“Let us go back once more. The first year that I moved onto that farm, the first fall, we had nine cows, and I wanted to save all of the manure. Now, there wasn’t an experimental station in the land. I didn’t know anything about the potassium or nitrogen in the liquid manure, but I had seen where it dropped on the land and how the grass grew. I thought it was plant food, and our land was hungry. I said, I must try and save this manure, and not have it wasted. I hadn’t a dollar. What did I do? There was an old stable there that would hold ten cows. It was in terrible shape. It had a plank floor that was all broken. I tore it out. I hauled some blue clay. I filled the stable four or five inches deep with the blue clay, wet it, pounded it down, shaped it off and got it level, fixed it up around the sides, saucer shape, so it would hold water. Then I laid down some old boards (I couldn’t buy new ones), and put in a lot of straw there and put my cows in. I saved all that manure the first year, all that liquid. I had twice as much, probably more, from the same number of cows as had been saved on that farm before, and it was much more valuable. That was the beginning the first winter, when I hadn’t anything.

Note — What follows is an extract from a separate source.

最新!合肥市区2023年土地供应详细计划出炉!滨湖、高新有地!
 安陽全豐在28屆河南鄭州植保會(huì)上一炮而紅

“For the horse stable I went to town and found some old billboards. It was new lumber, but had been used for billboards. After the circus the owner offered to sell the boards cheap, and to trust me. He was a carpenter, and he jointed them. We put them crosswise on the old plank floor, and when they got wet they swelled and became practically water tight. I even crawled under and saw that there was no liquid manure dropping down there. I drew sawdust and used for bedding. I saved the liquid of the horse stable. I didn’t know it was worth three times as much, pound for pound, as the solid. I didn’t know it was worth two times as much in the cow stable, pound for pound, as the solid. I found it out by experience.

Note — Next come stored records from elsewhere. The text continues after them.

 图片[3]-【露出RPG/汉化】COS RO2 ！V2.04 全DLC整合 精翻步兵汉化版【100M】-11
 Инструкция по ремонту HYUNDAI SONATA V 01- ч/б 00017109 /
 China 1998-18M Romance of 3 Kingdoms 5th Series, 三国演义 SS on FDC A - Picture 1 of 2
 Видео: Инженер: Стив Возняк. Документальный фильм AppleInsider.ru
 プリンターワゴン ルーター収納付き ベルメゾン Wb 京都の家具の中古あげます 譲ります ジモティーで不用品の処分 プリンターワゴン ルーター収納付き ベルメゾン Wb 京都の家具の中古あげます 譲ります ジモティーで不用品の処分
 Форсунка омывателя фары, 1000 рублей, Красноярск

“Now, when I was in town, before going on this farm, I worked for S. Straight & Son, the then great cheese and butter kings of the Western Reserve. I was getting over a thousand dollars a year in their office. They didn’t want me to leave at all, but my wife and I took a notion to be independent, to work for ourselves, and we bought this old farm. We had a chance to work for ourselves, all right. The first year we worked from early in the morning until nine or ten o’clock at night, and then we tumbled into bed, too tired to think, to get up and do it over again. I worked in the field, taking out stumps and doing something, as long as I could see, and then helped my wife to milk. We would get our supper along about nine or ten o’clock. At the end of the year we had not one single dollar, after paying our interest and taxes,—not one dollar to show for our work. Do you wonder we were pretty discouraged?